Lada hitam kerap disebut sebagai sang ‘Raja Rempah-Rempah’ dan merupakan rempah yang banyak digunakan di seluruh dunia. Di level internasional, Lampung dikenal sebagai daerah penghasil lada hitam terbesar di Indonesia dengan luas area produksi sebesar 45.863 hektar. Ekspor dari komoditas tersebut mencapai $43,33 juta dan mencakup sampai ke 38 negara. Dari 15 kabupaten di Lampung, hanya 3 yang tidak menghasilkan lada hitam. Sebagian besar lahan pertanian dikelola oleh masyarakat, sehingga lada hitam memberikan kontribusi yang sangat penting untuk perekonomian masyarakat. Artikel ini akan menelisik lebih jauh mengenai karakteristik perkebunan lada hitam di Kabupaten Lampung Utara, Lampung Timur, dan Tanggamus.

Karakteristik Pertanian Lada Lampung

Pertanian lada hitam terbesar di Lampung dilakukan di daerah Lampung Utara. Area tersebut memiliki jumlah petani terbanyak dan luas area pertanian sebesar 11.401 hektar, dengan hasil panen rata-rata berumur 4 sampai 11 tahun dan produksi rata-rata 800 sampai dengan 1.100 kg / ha.

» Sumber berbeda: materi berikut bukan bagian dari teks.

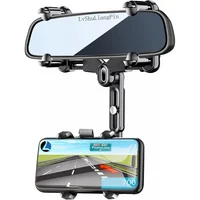 Soporte para Teléfono en Espejo Retrovisor de Automóvil con Brazo Ajustable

Lampung Utara memiliki 165 petani lada yang 96,83% diantaranya berada dalam kelompok umur produktif. Hampir setengah dari petani berpendidikan rendah, dimana 26,99% adalah lulusan sekolah menengah atas. Rata-rata lahan yang dimiliki petani adalah 1 ha yang dikelola dengan peralatan tradisional. Petani lebih banyak menggunakan NPK dan pupuk kandang sebagai pupuk utama, dan mengelola HPT dan gulma menggunakan peralatan teknis dibanding pestisida. Petani rata-rata mendiversifikasi tanaman mereka karena lada tidak dapat ditanam sepanjang tahun.

Kabupaten Lampung Timur dan Tanggamus memiliki rata-rata perkebunan lada hitam sebesar 1,57 - 1,6 ha dengan populasi rata-rata 1.330 pohon per ha. Rata-rata umur tanaman adalah >20 tahun dan dibudidayakan secara monokultur dengan kisaran produktivitas 640-800kg / ha. Rata-rata usia petani berada di kisaran 28-35 tahun, dan berpendidikan terakhir sekolah menengah atas. Sikap petani lada sangat bergantung pada harga lada. Kenaikan harga lada menunjukkan peningkatan perhatian para petani terhadap panennya, sedangkan harga yang turun menunjukkan atensi beralih pada produk tani lainnya.

Tantangan Pertanian Lada Lampung

Menurut Karmawati et. al., ilmuwan dari Puslitbang Perkebunan Kementerian Pertanian Indonesia, terdapat beberapa permasalahan kunci yang dihadapi petani lada hitam Lampung. Pertama, tidak adanya kebun utama dan penangkar benih bersertifikasi. Artinya, petani memperoleh benih secara acak dari pertanian produksi dibandingkan dengan mendapatkan bibit yang baik dari daerah pertanian khusus. Bibit yang baik berkisar pada umur 12-24 bulan. Kedua, lahan tani rentan terhadap erosi karena tidak adanya teras, dan pertumbuhan akar sangat terbatas karena minimnya lahan. Ketiga, penggunaan pupuk diminimalisir karena petani mencoba untuk membatasi biaya produksi. Keempat, informasi tentang pembabatan dan pemangkasan tanaman lada masih kurang. Kelima, pengendalian HPT umumnya dilakukan dengan menggunakan pestisida kimia. Terakhir, fasilitas penjemuran petani pada musim hujan masih terbatas.

SpiceUp: Solusi Digital untuk Petani Lada

SpiceUp membantu mengatasi beberapa tantangan kunci yang dihadapi petani lada di Lampung. Salah satunya, SpiceUp bermitra dengan ondok Pesantren Al-Fatah Al-Muhajirun Lampung untuk mengembangkan demo plot. Di demo plot ini, para petani lada diberi pelatihan mengenai Good Agricultural Practices (GAP), dimana petani memperoleh ilmu mengenai pengelolaan pertanian yang ideal serta pengendalian penyakit dan hama. SpiceUp juga menyajikan informasi penting tentang pengelolaan tani lada melalui aplikasi digitalnya. Aplikasi ini menyediakan artikel mendalam, layanan e-learning, dan sistem manajemen pertanian lada terintegrasi yang memungkinkan petani melacak asal lada dan juga produksi harian mereka secara efisien. Solusi-solusi tersebut memungkinkan para petani untuk meningkatkan manajemen pertanian lada mereka dan mengembangkan pengetahuan untuk memaksimalkan kualitas hasil lada mereka.